Ingrid is an Honorary Research Fellow at Massey University, where she was formerly a Professor of Creative Writing. With Tina Makereti, she co-chaired the steering committee for the international festival for nonfiction writing, NonfictioNOW2021. In 2024, she was the Kaituhi Tarāwhare, Creative New Zealand Writer in Residence at the International Institute of Modern Letters. She was awarded a Michael King Established Writer Residency (2021), a Massey University Excellence Fund Major Grant (2019), NZ Vice-Chancellor’s Committee, William Georgetti Award (1999) and in 1996 both the Victoria University Prize for Original Composition ENGL 252 and University of Canterbury Macmillan Brown Prize for Writers.
Ingrid’s new work, All Her Lives (Te Herenga Waka Press, October 2025) is a short story collection that follows women across generations as they resist, nurture and transform.
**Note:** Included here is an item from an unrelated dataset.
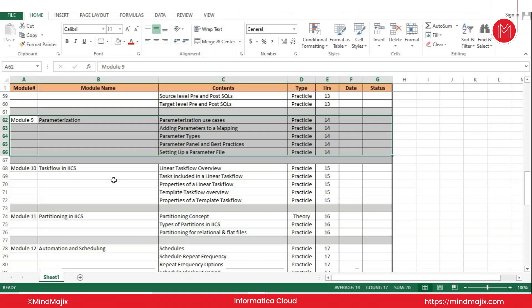The second use case is getting flexibility at runtime to initialize some value. For example, if I have a source where the source connection and source object are parameterized, I can select at runtime what my connection and respective object will be. If it's an Oracle connection, I might want to switch to a Salesforce or SQL Server connection, and respectively select which source table or entity I want — customer table for Oracle, a different table for SQL Server, or a Salesforce entity.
These are lives shaped by love and politics, motherhood and memory, constraint and defiance.
Ingrid lives in Te Whanganui a Tara, Wellington, with her partner and twin daughters.
Ingrid’s website
Read NZ Te Pou Muramura writer page
Te Herenga Waka University Press writer page
IIML and CNZ Writer-in-residence announcement (Nov, 2023)
Lithub essay ‘Dissolving Genre: Toward Finding New Ways to Write About the World’ subsequently published in Bloomsbury collection, Bending Genre (Jan, 2022)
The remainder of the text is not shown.